Poster
in
Workshop: Attributing Model Behavior at Scale (ATTRIB)
Decoding Dark Matter: Specialized Sparse Autoencoders for Interpreting Rare Concepts in LLMs
Aashiq Muhamed · Jake Mendel · Lucius Bushnaq · Mona Diab · Virginia Smith
Understanding and mitigating the potential risks associated with large language models (LLMs) hinges on developing effective interpretability methods. Sparse Autoencoders (SAEs) have emerged as a promising tool for disentangling LLM representations, but they often struggle to capture rare, yet crucial, features, especially those relevant to safety. We introduce Specialized Sparse Autoencoders (SSAEs), a novel approach designed to illuminate these elusive ``dark matter'' features by focusing on specific subdomains.
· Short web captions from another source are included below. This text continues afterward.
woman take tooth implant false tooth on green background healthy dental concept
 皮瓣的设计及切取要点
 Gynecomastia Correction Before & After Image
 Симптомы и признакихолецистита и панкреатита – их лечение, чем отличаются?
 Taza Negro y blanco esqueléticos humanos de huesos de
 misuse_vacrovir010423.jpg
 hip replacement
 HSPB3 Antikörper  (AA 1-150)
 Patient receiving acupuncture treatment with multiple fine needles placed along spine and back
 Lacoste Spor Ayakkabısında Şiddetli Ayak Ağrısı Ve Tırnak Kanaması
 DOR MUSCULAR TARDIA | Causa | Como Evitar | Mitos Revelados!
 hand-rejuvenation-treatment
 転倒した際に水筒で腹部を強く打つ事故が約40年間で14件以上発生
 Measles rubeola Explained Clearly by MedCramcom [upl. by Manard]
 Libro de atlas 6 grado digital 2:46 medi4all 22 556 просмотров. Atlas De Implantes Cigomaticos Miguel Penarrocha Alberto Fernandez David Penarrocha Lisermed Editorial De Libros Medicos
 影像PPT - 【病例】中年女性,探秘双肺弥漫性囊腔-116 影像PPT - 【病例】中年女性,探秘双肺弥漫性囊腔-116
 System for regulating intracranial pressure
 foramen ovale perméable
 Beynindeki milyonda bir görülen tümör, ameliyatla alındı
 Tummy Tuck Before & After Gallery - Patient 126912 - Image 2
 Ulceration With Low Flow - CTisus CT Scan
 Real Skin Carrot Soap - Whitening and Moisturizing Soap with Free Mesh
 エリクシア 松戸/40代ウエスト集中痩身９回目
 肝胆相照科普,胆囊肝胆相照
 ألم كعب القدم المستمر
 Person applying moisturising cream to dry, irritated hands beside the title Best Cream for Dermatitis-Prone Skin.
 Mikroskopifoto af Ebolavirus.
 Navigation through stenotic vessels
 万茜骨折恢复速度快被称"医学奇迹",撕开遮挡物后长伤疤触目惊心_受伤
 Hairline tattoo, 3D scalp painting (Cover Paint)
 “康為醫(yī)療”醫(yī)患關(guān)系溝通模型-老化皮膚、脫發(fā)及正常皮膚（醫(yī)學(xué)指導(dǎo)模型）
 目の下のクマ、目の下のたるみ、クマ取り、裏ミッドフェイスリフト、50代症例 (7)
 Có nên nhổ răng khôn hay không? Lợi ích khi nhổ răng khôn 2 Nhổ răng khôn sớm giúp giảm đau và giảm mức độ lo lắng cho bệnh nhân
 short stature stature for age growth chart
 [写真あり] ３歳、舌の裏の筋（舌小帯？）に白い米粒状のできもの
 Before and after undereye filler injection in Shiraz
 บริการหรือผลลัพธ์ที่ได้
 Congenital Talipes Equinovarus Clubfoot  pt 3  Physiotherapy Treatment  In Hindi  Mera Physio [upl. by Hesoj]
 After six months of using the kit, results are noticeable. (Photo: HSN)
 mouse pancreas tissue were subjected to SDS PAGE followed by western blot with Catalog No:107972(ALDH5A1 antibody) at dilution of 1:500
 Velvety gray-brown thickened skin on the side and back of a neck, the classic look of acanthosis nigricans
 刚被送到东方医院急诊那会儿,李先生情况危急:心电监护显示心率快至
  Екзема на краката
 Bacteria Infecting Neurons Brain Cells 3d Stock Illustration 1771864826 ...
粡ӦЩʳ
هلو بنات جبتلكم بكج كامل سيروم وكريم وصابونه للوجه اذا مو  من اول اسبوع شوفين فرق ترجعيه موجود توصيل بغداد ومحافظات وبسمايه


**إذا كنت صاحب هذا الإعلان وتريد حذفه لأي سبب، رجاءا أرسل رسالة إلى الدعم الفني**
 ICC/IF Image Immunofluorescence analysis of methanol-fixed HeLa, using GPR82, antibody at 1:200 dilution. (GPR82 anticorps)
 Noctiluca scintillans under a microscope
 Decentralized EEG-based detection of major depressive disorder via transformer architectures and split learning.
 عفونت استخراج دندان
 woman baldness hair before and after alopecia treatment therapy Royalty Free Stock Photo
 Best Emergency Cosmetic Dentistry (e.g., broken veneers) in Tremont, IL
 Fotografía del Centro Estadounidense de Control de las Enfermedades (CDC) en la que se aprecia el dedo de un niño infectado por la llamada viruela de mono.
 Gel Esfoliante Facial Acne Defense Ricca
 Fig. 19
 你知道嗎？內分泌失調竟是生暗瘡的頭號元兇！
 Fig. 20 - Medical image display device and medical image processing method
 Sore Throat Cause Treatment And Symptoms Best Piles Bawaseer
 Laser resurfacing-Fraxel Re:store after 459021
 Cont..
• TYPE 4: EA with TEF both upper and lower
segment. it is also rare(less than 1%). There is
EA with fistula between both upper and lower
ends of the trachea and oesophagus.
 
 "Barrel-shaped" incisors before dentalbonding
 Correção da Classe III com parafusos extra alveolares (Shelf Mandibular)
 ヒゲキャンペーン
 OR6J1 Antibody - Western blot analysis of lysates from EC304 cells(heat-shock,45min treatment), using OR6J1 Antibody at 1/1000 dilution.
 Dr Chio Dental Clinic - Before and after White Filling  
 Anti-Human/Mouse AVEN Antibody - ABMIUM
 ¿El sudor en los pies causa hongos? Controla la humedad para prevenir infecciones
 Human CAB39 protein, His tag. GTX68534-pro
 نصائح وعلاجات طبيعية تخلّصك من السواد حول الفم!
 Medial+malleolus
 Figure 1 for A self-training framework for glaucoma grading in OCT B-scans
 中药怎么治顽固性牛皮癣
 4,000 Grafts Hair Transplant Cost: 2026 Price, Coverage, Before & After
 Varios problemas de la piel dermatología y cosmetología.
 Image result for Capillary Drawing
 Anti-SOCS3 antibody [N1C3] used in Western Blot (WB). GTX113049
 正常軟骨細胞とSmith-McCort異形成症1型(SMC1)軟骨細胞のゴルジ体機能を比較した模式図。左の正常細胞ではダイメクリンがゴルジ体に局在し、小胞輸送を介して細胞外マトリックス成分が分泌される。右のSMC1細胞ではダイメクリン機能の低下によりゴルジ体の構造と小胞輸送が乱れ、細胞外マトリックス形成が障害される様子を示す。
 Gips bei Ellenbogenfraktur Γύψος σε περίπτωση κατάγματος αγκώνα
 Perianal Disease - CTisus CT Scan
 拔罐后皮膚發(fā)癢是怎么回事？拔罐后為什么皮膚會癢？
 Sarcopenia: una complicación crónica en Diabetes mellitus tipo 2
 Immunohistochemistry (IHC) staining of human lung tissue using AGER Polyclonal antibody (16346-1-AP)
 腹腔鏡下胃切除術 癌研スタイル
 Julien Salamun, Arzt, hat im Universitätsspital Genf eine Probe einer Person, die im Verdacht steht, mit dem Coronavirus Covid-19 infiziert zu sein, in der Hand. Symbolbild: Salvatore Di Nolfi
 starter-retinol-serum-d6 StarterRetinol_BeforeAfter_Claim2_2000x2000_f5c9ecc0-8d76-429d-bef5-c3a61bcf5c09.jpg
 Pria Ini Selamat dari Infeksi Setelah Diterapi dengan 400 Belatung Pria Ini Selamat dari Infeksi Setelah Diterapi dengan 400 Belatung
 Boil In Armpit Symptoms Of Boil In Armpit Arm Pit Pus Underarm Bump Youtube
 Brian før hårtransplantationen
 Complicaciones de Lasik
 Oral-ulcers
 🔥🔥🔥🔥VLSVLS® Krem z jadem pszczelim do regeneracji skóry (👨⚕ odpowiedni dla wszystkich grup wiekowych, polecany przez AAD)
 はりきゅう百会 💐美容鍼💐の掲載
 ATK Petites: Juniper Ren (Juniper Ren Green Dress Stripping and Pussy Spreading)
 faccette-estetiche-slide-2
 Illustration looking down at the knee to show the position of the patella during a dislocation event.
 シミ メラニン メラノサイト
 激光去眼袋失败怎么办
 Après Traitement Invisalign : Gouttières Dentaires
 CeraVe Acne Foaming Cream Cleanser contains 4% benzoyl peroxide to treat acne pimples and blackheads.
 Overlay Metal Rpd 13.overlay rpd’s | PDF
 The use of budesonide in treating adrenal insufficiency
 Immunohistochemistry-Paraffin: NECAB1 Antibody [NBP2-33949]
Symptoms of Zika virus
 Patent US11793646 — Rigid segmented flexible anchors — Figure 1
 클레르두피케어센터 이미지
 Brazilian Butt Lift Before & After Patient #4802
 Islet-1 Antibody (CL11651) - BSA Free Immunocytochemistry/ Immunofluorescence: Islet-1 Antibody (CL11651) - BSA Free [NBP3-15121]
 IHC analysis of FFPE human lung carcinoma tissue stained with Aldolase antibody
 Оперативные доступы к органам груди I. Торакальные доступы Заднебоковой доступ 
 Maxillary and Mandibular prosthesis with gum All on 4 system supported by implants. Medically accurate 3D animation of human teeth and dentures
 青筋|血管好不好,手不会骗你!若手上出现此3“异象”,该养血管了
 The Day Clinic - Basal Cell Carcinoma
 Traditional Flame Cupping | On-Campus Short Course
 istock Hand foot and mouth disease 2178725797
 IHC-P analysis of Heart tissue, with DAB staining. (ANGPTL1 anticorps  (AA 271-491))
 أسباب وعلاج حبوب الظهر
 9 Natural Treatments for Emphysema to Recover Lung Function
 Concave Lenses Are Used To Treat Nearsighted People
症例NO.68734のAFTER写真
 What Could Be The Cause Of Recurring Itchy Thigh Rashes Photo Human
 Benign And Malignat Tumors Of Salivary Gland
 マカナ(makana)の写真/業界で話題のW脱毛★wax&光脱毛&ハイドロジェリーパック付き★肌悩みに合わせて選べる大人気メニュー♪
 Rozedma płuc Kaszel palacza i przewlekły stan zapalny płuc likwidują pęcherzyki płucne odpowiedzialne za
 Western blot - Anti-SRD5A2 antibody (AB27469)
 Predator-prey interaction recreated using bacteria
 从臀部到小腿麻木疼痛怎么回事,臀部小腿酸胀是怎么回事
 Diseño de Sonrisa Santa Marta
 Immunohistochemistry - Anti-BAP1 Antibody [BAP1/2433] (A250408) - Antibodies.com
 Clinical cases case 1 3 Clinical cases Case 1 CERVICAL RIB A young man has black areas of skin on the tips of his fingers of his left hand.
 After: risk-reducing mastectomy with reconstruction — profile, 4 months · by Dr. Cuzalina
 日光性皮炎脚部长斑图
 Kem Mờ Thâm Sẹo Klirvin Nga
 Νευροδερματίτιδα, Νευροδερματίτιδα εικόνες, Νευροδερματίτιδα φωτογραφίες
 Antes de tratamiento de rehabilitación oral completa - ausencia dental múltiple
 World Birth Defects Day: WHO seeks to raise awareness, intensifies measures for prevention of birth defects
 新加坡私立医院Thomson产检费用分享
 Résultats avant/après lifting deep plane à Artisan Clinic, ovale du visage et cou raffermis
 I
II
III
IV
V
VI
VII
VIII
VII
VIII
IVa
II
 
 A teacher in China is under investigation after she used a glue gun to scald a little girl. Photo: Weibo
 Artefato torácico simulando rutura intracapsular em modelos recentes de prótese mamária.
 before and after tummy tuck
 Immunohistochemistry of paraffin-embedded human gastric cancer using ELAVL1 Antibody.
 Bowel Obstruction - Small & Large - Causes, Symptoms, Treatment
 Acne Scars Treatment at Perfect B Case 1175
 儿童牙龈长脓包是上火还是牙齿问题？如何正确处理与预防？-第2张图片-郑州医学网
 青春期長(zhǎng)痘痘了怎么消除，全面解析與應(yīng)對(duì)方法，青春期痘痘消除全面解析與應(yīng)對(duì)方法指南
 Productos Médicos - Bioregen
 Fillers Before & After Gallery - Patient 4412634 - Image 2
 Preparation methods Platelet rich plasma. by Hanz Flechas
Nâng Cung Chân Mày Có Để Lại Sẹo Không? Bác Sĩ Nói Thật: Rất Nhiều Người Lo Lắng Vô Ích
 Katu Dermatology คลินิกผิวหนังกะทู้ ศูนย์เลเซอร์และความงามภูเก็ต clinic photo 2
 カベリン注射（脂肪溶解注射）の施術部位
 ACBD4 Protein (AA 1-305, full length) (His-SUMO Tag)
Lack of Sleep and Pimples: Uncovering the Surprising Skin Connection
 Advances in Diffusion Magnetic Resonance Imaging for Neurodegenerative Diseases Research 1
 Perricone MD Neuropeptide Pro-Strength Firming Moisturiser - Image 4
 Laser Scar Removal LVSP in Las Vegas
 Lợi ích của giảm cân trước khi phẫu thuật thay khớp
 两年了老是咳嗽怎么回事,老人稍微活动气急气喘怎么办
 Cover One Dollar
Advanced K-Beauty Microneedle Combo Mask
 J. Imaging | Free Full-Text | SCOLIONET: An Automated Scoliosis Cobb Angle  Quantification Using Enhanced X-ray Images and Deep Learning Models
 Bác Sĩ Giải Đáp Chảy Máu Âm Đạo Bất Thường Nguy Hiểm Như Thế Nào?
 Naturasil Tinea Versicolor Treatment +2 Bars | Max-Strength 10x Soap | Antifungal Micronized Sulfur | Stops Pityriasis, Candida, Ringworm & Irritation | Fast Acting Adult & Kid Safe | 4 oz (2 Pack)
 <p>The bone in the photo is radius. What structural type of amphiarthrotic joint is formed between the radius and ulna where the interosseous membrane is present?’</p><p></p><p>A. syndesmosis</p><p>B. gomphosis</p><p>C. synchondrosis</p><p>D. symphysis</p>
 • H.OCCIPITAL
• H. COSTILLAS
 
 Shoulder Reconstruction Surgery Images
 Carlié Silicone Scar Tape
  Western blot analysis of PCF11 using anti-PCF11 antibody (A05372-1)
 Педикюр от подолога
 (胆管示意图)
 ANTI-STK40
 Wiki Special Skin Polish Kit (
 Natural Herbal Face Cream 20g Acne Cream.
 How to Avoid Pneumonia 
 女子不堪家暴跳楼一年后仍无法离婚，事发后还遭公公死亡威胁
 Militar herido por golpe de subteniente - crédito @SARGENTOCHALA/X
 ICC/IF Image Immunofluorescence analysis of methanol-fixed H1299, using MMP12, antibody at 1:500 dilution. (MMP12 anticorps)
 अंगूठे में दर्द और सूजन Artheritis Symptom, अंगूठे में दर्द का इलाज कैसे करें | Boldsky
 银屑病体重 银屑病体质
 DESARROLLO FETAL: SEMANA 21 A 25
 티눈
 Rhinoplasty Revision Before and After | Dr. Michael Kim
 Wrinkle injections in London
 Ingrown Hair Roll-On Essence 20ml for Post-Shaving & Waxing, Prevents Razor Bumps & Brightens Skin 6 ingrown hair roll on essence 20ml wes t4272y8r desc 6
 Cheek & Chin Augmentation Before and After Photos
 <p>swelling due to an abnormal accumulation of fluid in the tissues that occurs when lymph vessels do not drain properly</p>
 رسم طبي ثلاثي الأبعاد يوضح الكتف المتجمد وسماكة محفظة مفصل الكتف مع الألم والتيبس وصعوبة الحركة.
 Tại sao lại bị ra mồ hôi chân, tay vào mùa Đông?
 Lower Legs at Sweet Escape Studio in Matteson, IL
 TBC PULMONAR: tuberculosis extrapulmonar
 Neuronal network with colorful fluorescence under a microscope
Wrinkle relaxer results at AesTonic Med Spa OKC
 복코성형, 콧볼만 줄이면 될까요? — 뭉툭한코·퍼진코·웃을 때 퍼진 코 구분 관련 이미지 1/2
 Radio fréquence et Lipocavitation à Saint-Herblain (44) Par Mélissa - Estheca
We present a practical recipe for training SSAEs, demonstrating the efficacy of Dense retrieval for data selection and the benefits of Tilted Empirical Risk Minimization (TERM) as a training objective. We evaluate SSAEs on standard metrics, such as downstream perplexity and L0 sparsity, and find that they effectively capture subdomain tail concepts, exceeding the capabilities of general-purpose SAEs. Furthermore, TERM-trained SSAEs yield more interpretable features, as evidenced by our automated evaluation using LLMs to generate and assess feature explanations. SSAEs, particularly those trained with TERM, provide a powerful new lens for peering into the inner workings of LLMs in subdomains and hold significant promise for enhancing AI safety research.